To solve the problem, we begin by understanding that if two quadratic equations \(x^2 + px + q = 0\) and \(x^2 + qx + p = 0\) have a common root, then this root must satisfy both equations.
- Let \(\alpha\) be the common root. Then, substituting \(\alpha\) into both equations, we get two conditions:
- \(\alpha^2 + p\alpha + q = 0\)
- \(\alpha^2 + q\alpha + p = 0\)
- Subtracting the second equation from the first gives: \((\alpha^2 + p\alpha + q) - (\alpha^2 + q\alpha + p) = 0\)

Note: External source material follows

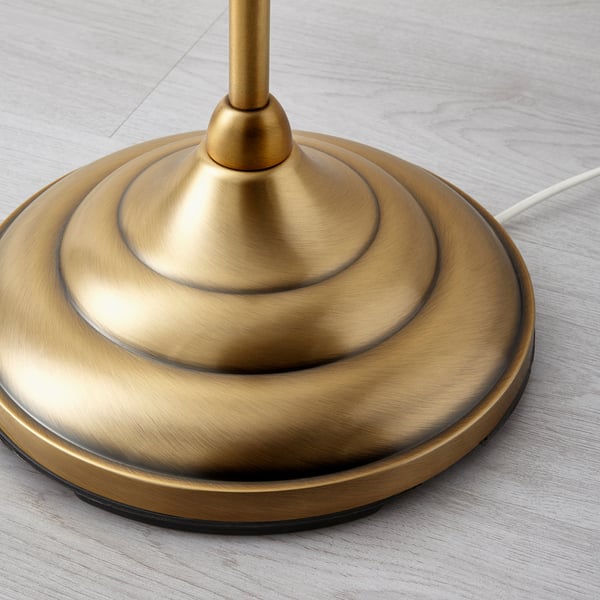 Goudkleurige metalen lampvoet op houten ondergrond. Getoond in close-up, met de nadruk op een strak ontwerp en hoogwaardige afwerking.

Simplifying, we get: \(p\alpha + q - q\alpha - p = 0\)
which can be further simplified to: \((p-q)\alpha + q-p = 0\) - Simplifying further, we factor out common terms: \((p-q)(\alpha - 1) = 0\)
- This equation implies either:
- \(p = q\), or
- \(\alpha = 1\)
- If \(\alpha = 1\), substitute \(\alpha = 1\) in either equation. Using the first equation, we have:
\(1^2 + p\cdot 1 + q = 0\)
Simplifying, we find: \(1 + p + q = 0\)
This leads to: \(p + q + 1 = 0\) - Therefore, the correct answer is 0.
This detailed analysis shows that if \(\alpha = 1\) is the common root, then \(p + q + 1 = 0\).